On the night of Nov. 14, 2001, a rookie named Joe Johnson went for 22 points, 8 rebounds, and 6 assists against the Indiana Pacers in a 101-93 Celtics victory. Celtics basketball guru Leo Papile walked past the Boston locker room after the game, muttering, "ROY, ROY." As in, Rookie of the Year.
"I remember that game," a seven-year veteran named Joe Johnson said yesterday. "But I don't remember a lot more of my time here. My playing time here was very short. I really don't have any memories. It's like it didn't happen."
Johnson was a Celtic for 48 games in the 2001-02 season. He started 33 of them. That's not exactly "very short" playing time but, like Chauncey Billups four years earlier, he was a lottery pick who left town before his first year was over and went on to bigger and better things. He finished the 2001-02 season in Phoenix, stayed with the Suns for three more years, then was traded to Atlanta, where he has just completed his third year. He's a two-time All-Star, a possible 2008 Olympian, and he's only 26.
The memory of his time in Boston is framed mainly by what didn't happen. He joined a team hell-bent on making the playoffs, something the Celtics had not done since 1995. (And they backed in that year.) Coach Jim O'Brien had brought in Dick Harter with an eye toward emphasizing defense and toughness. As a rookie, Johnson had little of either.
But he had undeniable talent. That was good enough to get him a starting job for those 33 games. But the pressure to win and the attention to defense eventually forced the coaching staff to turn to Eric Williams. Johnson soon fell out of the rotation and eventually was basically replaced by fellow rookie Kedrick Brown, who did have some defensive skills.
It was a pretty dramatic dropoff. He went from starter against Houston Jan. 18 (0 points in 18 minutes) to DNP-CD the next night against the Pistons. He had a DNP the game after that against Toronto. By the time Indiana came back for a second visit Jan. 23, there was no more ROY talk for Johnson. Brown had supplanted him in the starting lineup. It was a humbling comedown, even though he did participate in the Rookie Challenge over All-Star Weekend in Philadelphia.

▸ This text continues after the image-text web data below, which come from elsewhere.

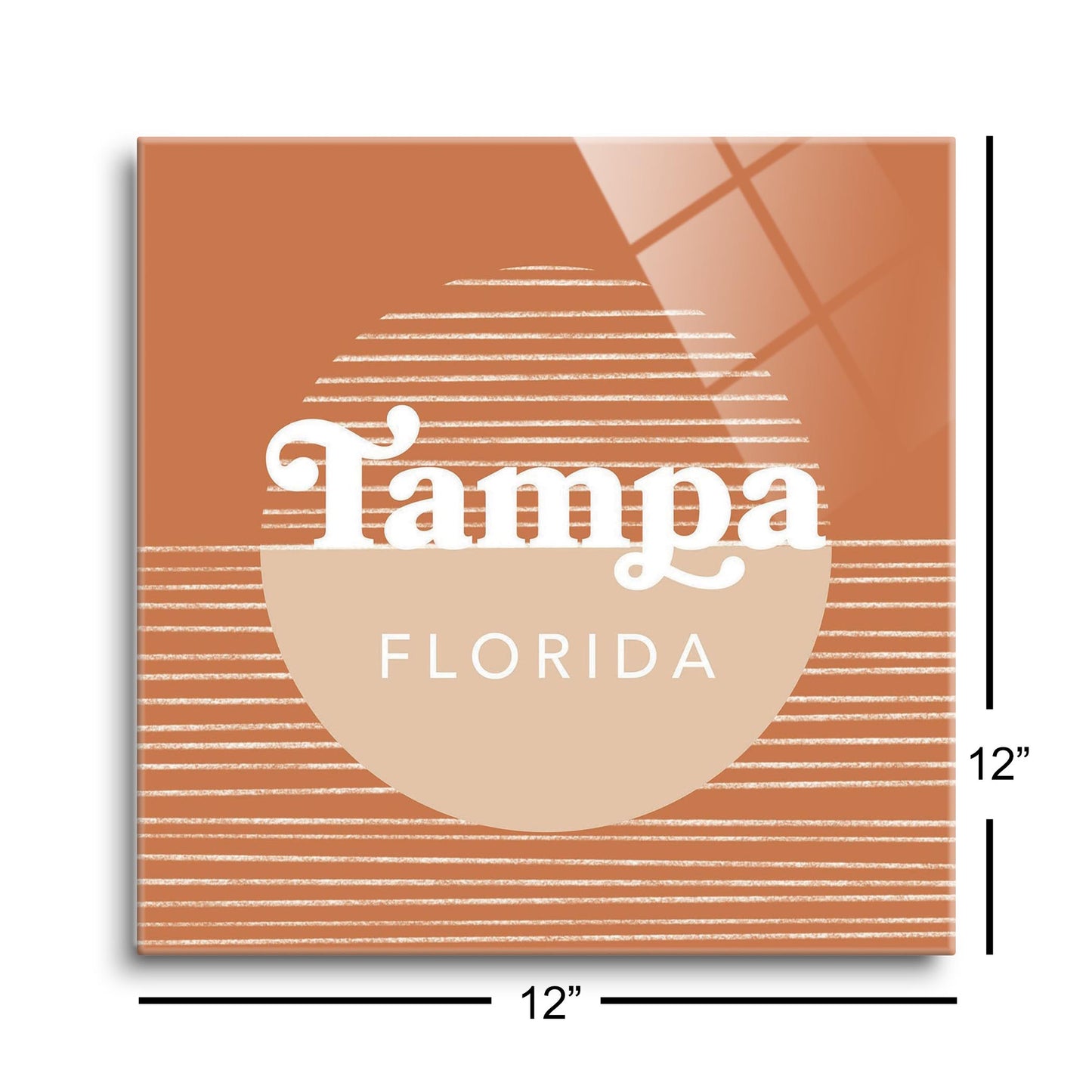 Vintage Groove Half Circle Lines Florida Tampa | Hi-Def Glass Art | Eaches | Min 1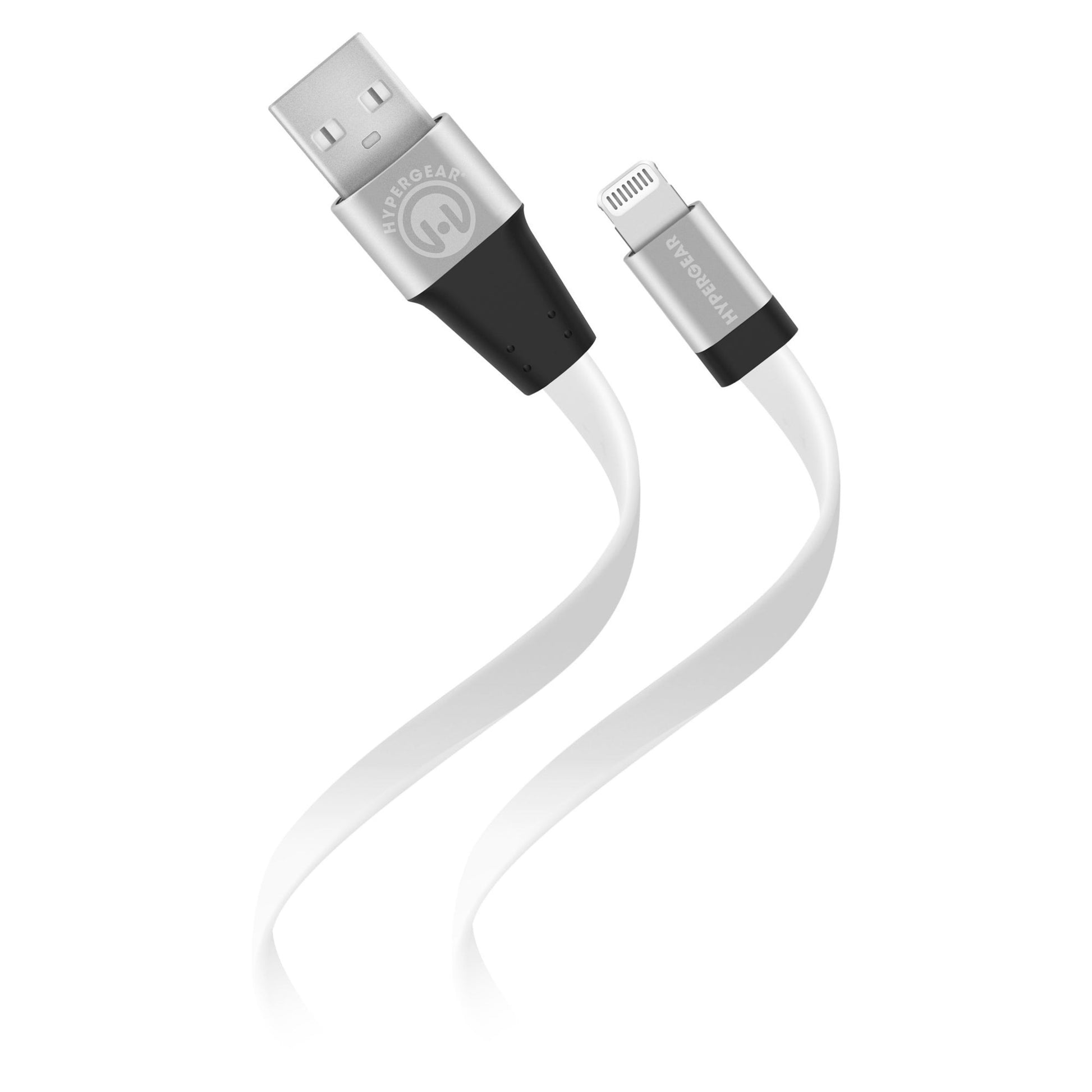 title:HyperGear Flexi USB to Lightning Flat Cable 6ft;color:White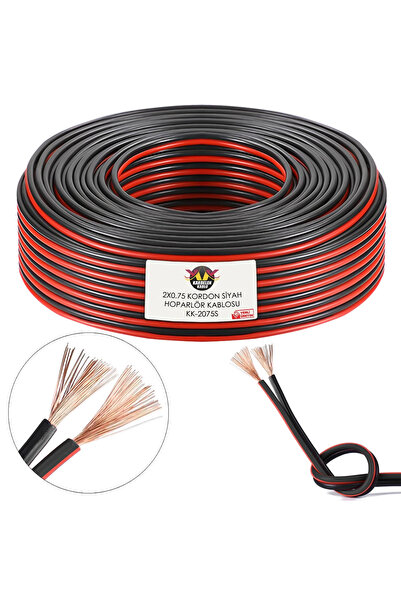 Kardelen Hoparlör Kablosu Kordon 2x0.75 Zayıf Akım Led Kablosu Siyah 100 Metre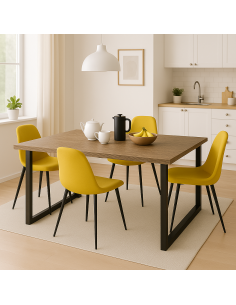 Mesa de madera rectangular con patas negras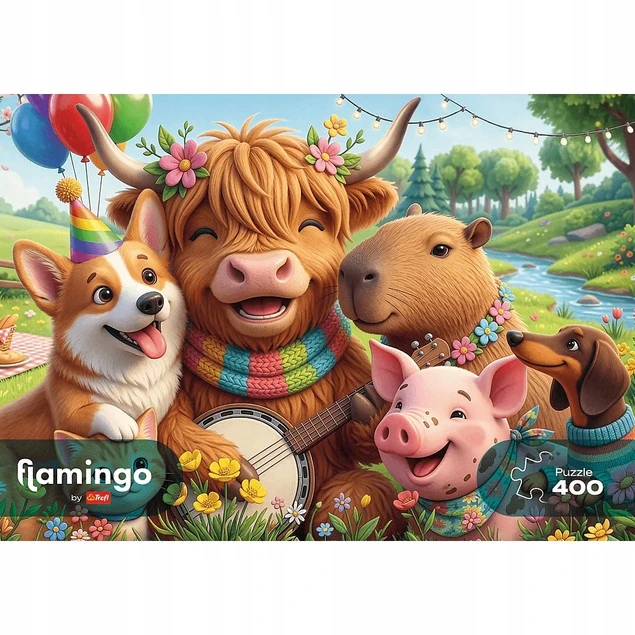 Trefl Puzzle 400 el. Flamingo by Trefl, Urodzinowa ekipa - detal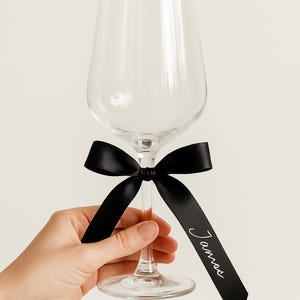 Personalized Wine Glass Ribbon, Vinyl Text, Custom Champagne Glass Ribbon, Satin Ribbon Name Tags, Drink Name Tags, Wedding Name Place Cards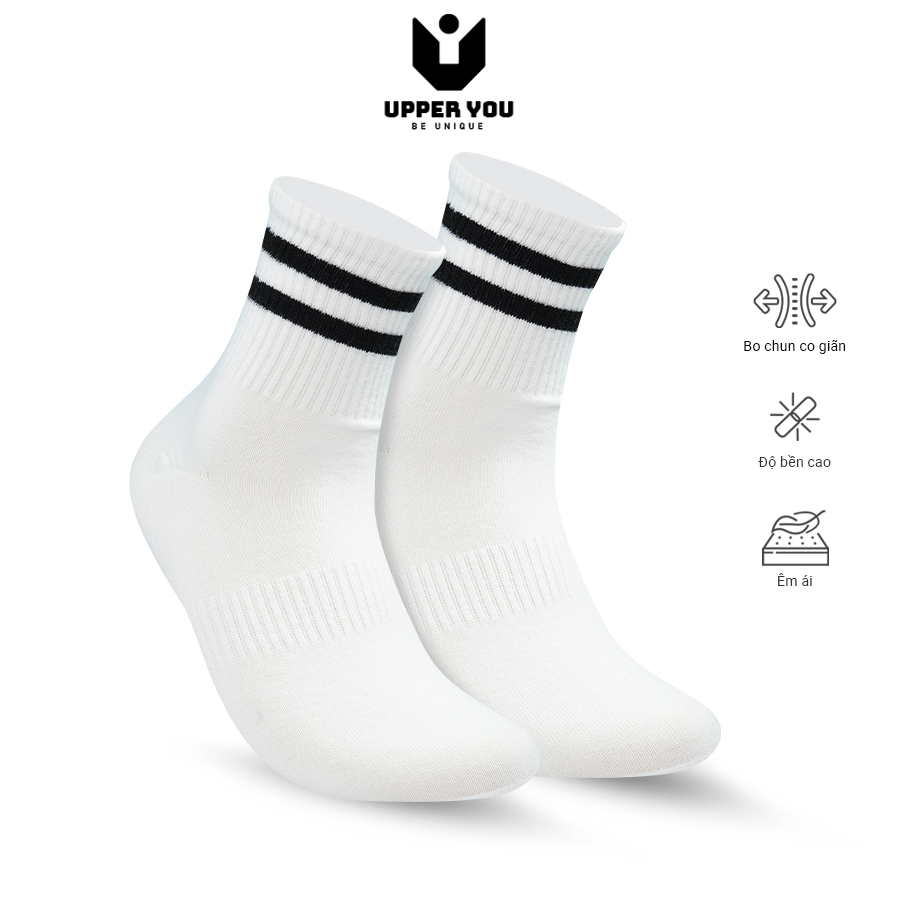Tất vớ cổ cao Unisex kẻ sọc thời trang 3 màu cơ bản UPPER YOU Vớ Cotton nam nữ cổ dài co dãn êm chân khô thoáng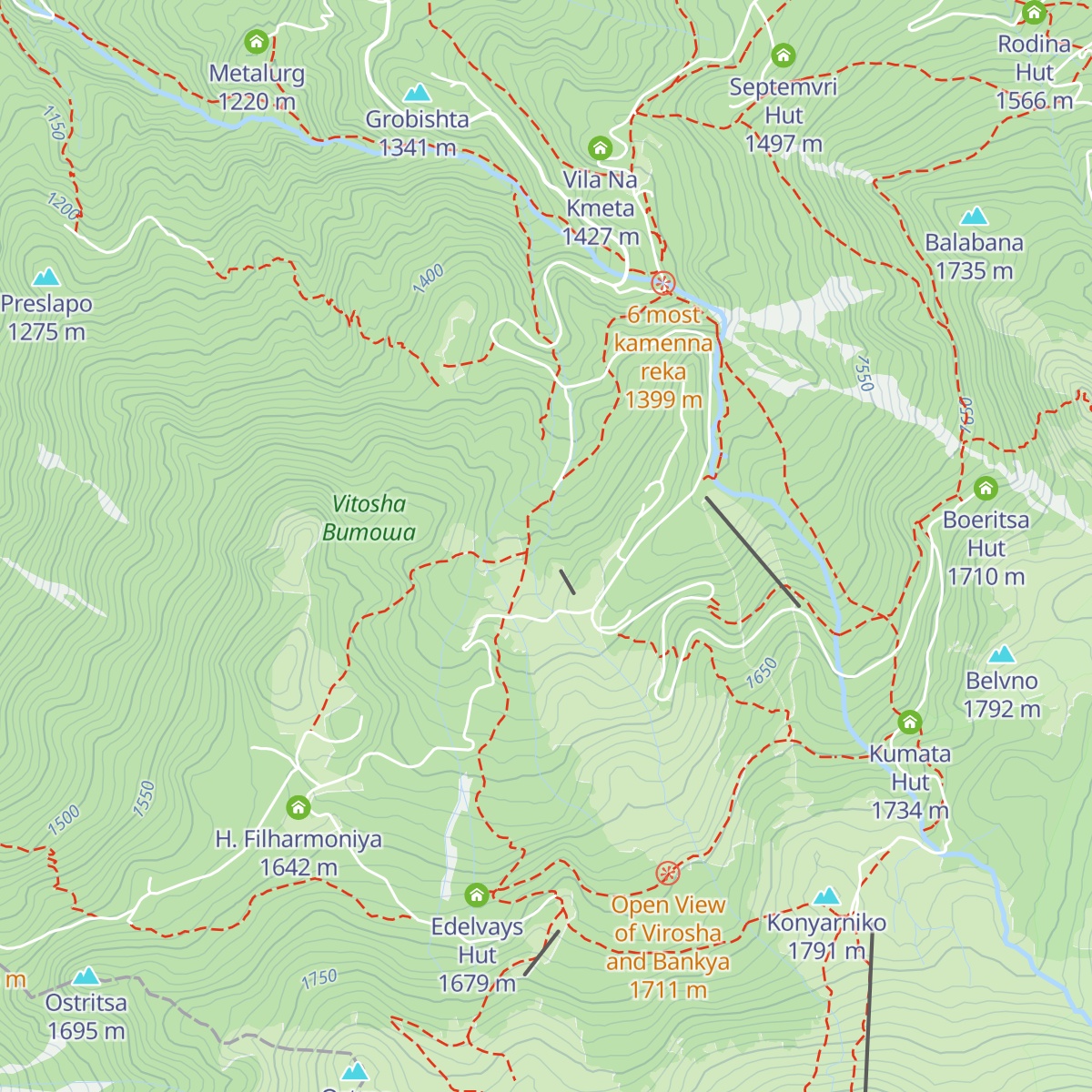 Malinka Hut map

"Coach came to me and told me that it was time for them to give Kedrick a chance," Johnson said. "I didn't play [much] again. No one ever gave me an explanation. Then, the next thing I knew, I was traded."
Did he ever think about what might have happened had he stayed?
"No," he said. "Not at all. Like I said, I don't really have any memories here."
The Boston Years won't get much attention when they make "The Joe Johnson Story." By the time February rolled around, the Celtics were well over .500, a rare spot in those times, and figured they needed to make one more move to see if they could do some damage in the Eastern Conference playoffs. As the team headed for its annual Western swing after the All-Star Game, Johnson played 16 minutes over five games. His last night as a Celtic, Feb. 19 in Los Angeles against the Lakers, he was a DNP-CD.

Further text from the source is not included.